Still, killing off a character is one thing. Doing so in a way that delivers suspense and surprise is another. So, congratulations are in order for Armstrong and his team, as they’ve crafted a television death like no other.
Eschewing expectations has always been one of Succession’s strengths, and Logan’s passing is no exception. There is no grand speech before the bellicose brayer croaks, no neat and tidy resolution for a corporate bloodhound who has alienated anyone who could stand to love him. The man simply and suddenly drops dead on the toilet while flying aboard his private jet, en route to seal a deal to screw over his family.
Actor Brian Cox isn’t even on screen for the big moment – the audience is only informed of the development by characters who happen to be in Logan’s periphery. There are panicked but conciliatory calls from Tom (Matthew Macfadyen, wonderfully playing the moment), the worried glances of Karl (David Rasche) and Frank (Peter Friedman), the background chest-compression actions of an anonymous flight attendant. It’s all white noise to a black moment of life’s cruel comedy.

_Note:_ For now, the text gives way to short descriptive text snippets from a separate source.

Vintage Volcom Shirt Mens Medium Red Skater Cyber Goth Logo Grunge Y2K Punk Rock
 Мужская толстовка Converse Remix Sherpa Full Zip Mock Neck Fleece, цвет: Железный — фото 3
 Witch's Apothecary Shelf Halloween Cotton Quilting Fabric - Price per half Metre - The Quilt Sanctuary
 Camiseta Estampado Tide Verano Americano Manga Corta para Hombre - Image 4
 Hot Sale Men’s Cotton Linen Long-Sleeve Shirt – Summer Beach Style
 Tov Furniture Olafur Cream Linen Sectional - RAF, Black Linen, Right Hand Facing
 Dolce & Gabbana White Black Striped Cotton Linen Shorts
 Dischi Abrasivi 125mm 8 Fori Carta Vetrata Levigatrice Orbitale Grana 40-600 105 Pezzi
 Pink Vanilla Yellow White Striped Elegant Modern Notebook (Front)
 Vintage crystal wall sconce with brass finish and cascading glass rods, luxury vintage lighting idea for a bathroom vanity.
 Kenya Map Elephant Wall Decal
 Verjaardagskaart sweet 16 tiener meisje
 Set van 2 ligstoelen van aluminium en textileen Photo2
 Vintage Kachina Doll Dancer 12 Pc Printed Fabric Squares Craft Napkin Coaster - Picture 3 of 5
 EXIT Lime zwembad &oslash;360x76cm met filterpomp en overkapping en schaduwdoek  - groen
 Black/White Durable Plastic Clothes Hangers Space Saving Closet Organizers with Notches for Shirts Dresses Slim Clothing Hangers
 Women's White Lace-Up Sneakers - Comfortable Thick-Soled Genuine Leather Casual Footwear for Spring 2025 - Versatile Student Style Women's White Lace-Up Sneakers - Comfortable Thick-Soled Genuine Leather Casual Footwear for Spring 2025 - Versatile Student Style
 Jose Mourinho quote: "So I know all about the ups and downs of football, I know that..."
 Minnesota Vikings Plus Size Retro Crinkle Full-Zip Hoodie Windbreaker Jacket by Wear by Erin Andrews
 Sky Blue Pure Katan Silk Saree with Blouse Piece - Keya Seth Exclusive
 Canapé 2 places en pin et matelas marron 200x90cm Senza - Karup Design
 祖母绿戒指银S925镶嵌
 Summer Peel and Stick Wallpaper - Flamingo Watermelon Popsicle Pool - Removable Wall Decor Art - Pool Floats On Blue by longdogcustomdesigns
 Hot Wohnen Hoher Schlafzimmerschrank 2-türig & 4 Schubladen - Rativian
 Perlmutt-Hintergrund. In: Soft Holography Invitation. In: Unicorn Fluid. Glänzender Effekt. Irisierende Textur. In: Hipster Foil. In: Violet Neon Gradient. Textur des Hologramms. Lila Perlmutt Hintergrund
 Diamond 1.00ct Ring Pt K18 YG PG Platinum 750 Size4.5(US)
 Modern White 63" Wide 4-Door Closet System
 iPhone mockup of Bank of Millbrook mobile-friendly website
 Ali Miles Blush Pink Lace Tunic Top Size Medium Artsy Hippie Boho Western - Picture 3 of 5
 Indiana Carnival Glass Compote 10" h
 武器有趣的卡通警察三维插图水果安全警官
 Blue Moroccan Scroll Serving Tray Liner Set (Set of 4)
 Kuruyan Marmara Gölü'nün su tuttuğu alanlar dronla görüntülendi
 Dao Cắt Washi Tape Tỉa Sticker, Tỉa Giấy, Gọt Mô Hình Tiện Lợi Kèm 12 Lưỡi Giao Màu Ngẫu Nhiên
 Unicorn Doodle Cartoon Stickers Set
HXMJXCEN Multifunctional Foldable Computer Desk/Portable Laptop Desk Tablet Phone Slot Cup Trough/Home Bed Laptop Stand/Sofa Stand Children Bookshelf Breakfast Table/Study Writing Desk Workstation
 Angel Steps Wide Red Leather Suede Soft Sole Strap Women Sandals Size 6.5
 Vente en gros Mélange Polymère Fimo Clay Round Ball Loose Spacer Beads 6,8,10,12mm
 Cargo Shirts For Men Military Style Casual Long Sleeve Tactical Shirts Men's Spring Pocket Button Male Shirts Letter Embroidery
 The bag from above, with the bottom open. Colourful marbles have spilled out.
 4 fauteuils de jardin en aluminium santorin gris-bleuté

Logan dies as he lived – literally and metaphorically thousands of miles from getting what he truly wants, all the while completely isolated from the world, from the rest of his family.
On one hand, I wonder how Cox feels about being robbed of the scene – the last vulgar roar of a lion in winter. Yet I can’t help but assume that the actor is pleased as punch about the turn. Logan was a magnificent monster who believed that the world should cater to his every whim. If the job of a performer is to serve the character, then what better way to watch a creation that you helped usher into life become extinguished in such a fateful, satisfying fashion? Remember that sneaky quarter-smile that Logan offers in the final seconds of the second-season finale, when he realizes that Kendall has betrayed, but also backwardly roused, him? I imagine Cox flashing the same mini-grin when he first read the script for this episode, begrudgingly impressed with how Armstrong and company managed to twist the screws just so.
Yet it is the action on the ground where Sunday’s episode, titled “Connor’s Wedding,” finds its greatest strengths. Up until the moment they receive Tom’s phone call, Kendall (Jeremy Strong) and siblings Shiv (Sarah Snook) and Roman (Kieran Culkin) were hungrily plotting their own father’s existential demise. By scheming to jack up the acquisition price that Swedish company GoJo was going to pay for Waystar Royco – the windfall of which would help the kids fund their own competing media giant – Logan’s children were content to bury their dead ol’ dad alive. Or at least cover him with enough corporate dirt to ensure he’d struggle to breath six feet under.
But when reality comes crashing down to Earth – arriving via a jet that quickly turns into a sky-high tomb – the Roy children are gutted, their complicated emotions and attachments messily splayed across the floor. Given that they were all attending the nuptials of eldest son Connor (Alan Ruck), it felt like a perfectly 2023-era Red Wedding. What is Succession, after all, but Game of Thrones updated for the C-suite crowd?
Watching Strong, Snook, Culkin and, eventually, Ruck come to terms with the development their characters must process was a wry and wrenching exercise – a gut punch that was also a punchline. And while lesser performers could have turned on the big, bright “For Your Emmys Consideration” lights, each actor here walked the thinnest of tightropes, navigating the news their characters have been dreading-slash-eagerly-awaiting their entire lives with just the right kind of destabilizing internal implosion.
What kind of series will Succession be without Logan Roy? There are only seven episodes left to air, but given how skilfully Armstrong and his team have navigated the series thus far, I feel confident in pronouncing that Logan’s death doesn’t mark the end of a cold and cruel era but the beginning of a darker one. If cowards die many times before their deaths, then the Roy family is only getting started.